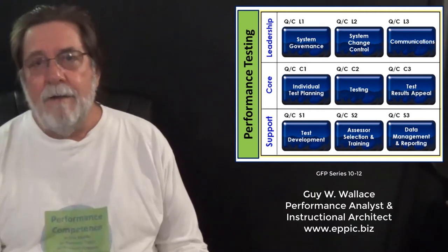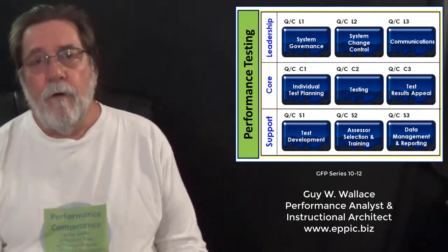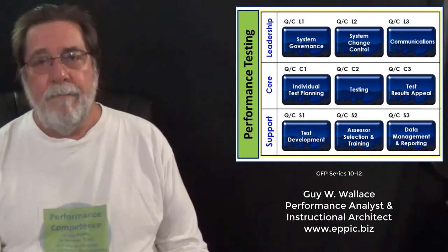If you can define performance, you can test for it. Performance testing is all about performance and demonstrated competence.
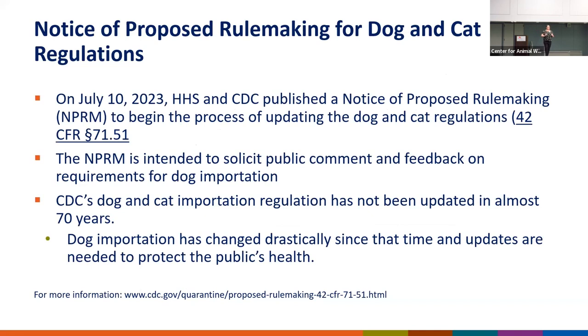On July 10th of this year, CDC published a notice of proposed rulemaking to begin the process of updating our dog and cat regulation. The last time our dog and cat regulation was updated was nearly 70 years ago, and the animal importation and transportation landscape has changed dramatically over these last 70 years. This NPRM is open for public comment until September 8th, and it's available at federalregister.gov.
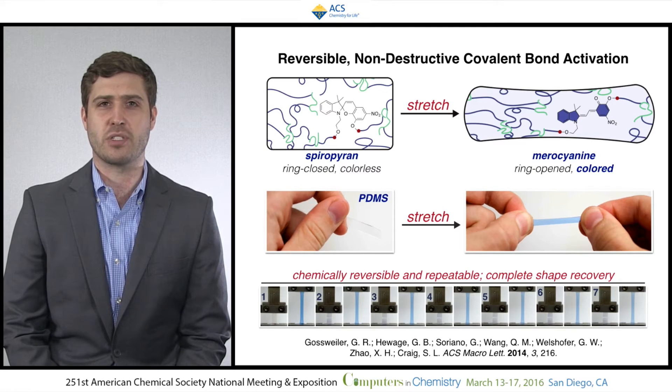To tackle this problem, we chose a tough silicone elastomer as a way to achieve reversible activation. To demonstrate this, we took a stress probe, spiropyran, that is in its closed colorless form, and can be stretched to reveal an elongated and colored form to reveal the location of molecular tension. The material is able to reversibly and repeatably activate this molecule with complete shape recovery.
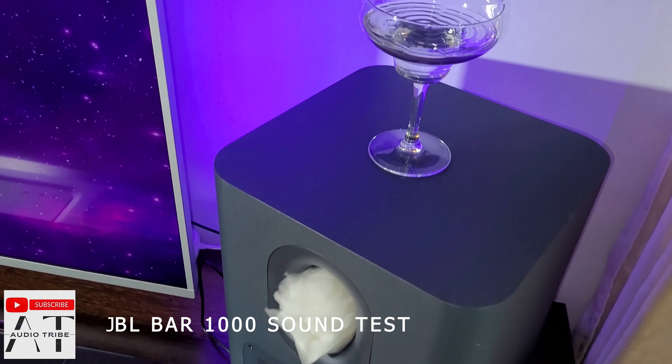The JBL BAR 500 main unit soundbar is a little smaller than the JBL BAR 1000. The main soundbar units of both have a sturdy construction and are made of plastic, so they can be cleaned very easily. In the JBL BAR 1000 case, the two rear detachable battery-powered surround speakers blend with the main unit perfectly, offer up to 10 hours of playing time, and with the included wall brackets can be mounted wherever you want.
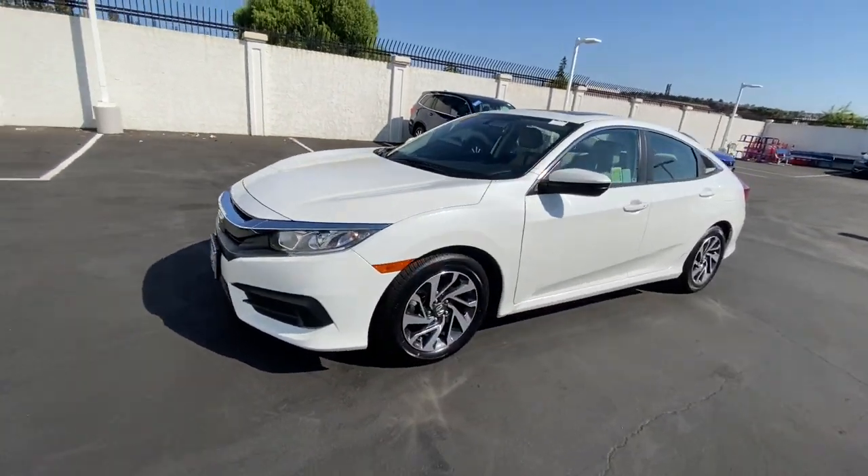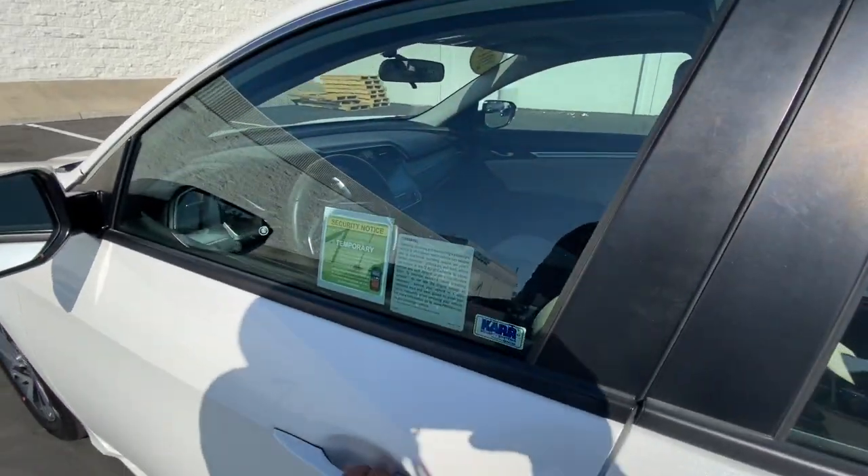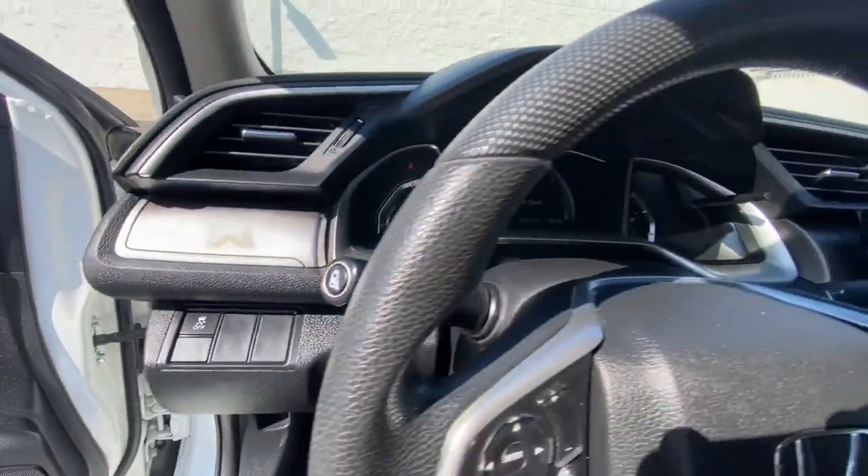The following are some of this vehicle's highlighted options: sun/moonroof, keyless entry, heated mirrors, tire pressure monitoring system, and Bluetooth connection.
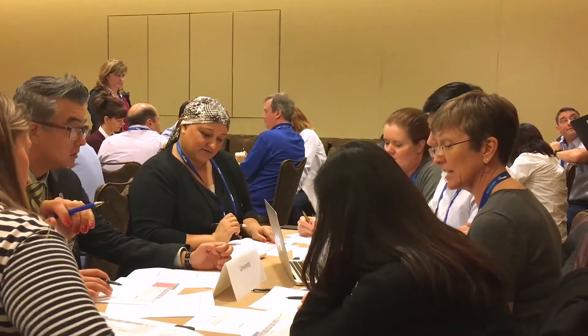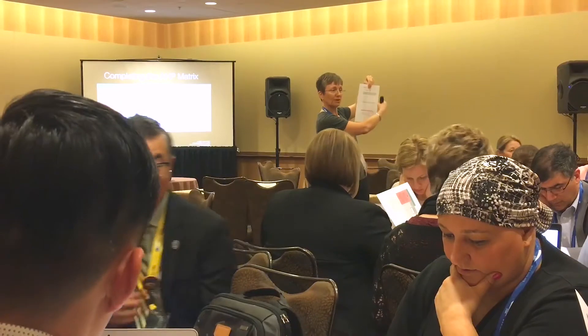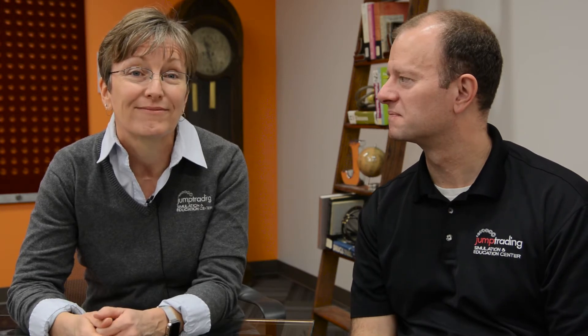We're really thrilled at the opportunity to share and hopefully have some fun. We really hope that you'll join us at IMSH and learn about this platform to help us all create sustainability through demonstrating value of simulation to our institutions and to healthcare in general. We're looking forward to it.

◆ **Your objective**: Every line of the records above should be copied exactly, while the pictures are left behind.

◆ **Answer to the exercise**:
If you can define performance, you can test for it. Performance testing is all about performance and demonstrated competence.
On July 10th of this year, CDC published a notice of proposed rulemaking to begin the process of updating our dog and cat regulation. The last time our dog and cat regulation was updated was nearly 70 years ago, and the animal importation and transportation landscape has changed dramatically over these last 70 years. This NPRM is open for public comment until September 8th, and it's available at federalregister.gov.
To tackle this problem, we chose a tough silicone elastomer as a way to achieve reversible activation. To demonstrate this, we took a stress probe, spiropyran, that is in its closed colorless form, and can be stretched to reveal an elongated and colored form to reveal the location of molecular tension. The material is able to reversibly and repeatably activate this molecule with complete shape recovery.
The JBL BAR 500 main unit soundbar is a little smaller than the JBL BAR 1000. The main soundbar units of both have a sturdy construction and are made of plastic, so they can be cleaned very easily. In the JBL BAR 1000 case, the two rear detachable battery-powered surround speakers blend with the main unit perfectly, offer up to 10 hours of playing time, and with the included wall brackets can be mounted wherever you want.
The following are some of this vehicle's highlighted options: sun/moonroof, keyless entry, heated mirrors, tire pressure monitoring system, and Bluetooth connection.
We're really thrilled at the opportunity to share and hopefully have some fun. We really hope that you'll join us at IMSH and learn about this platform to help us all create sustainability through demonstrating value of simulation to our institutions and to healthcare in general. We're looking forward to it.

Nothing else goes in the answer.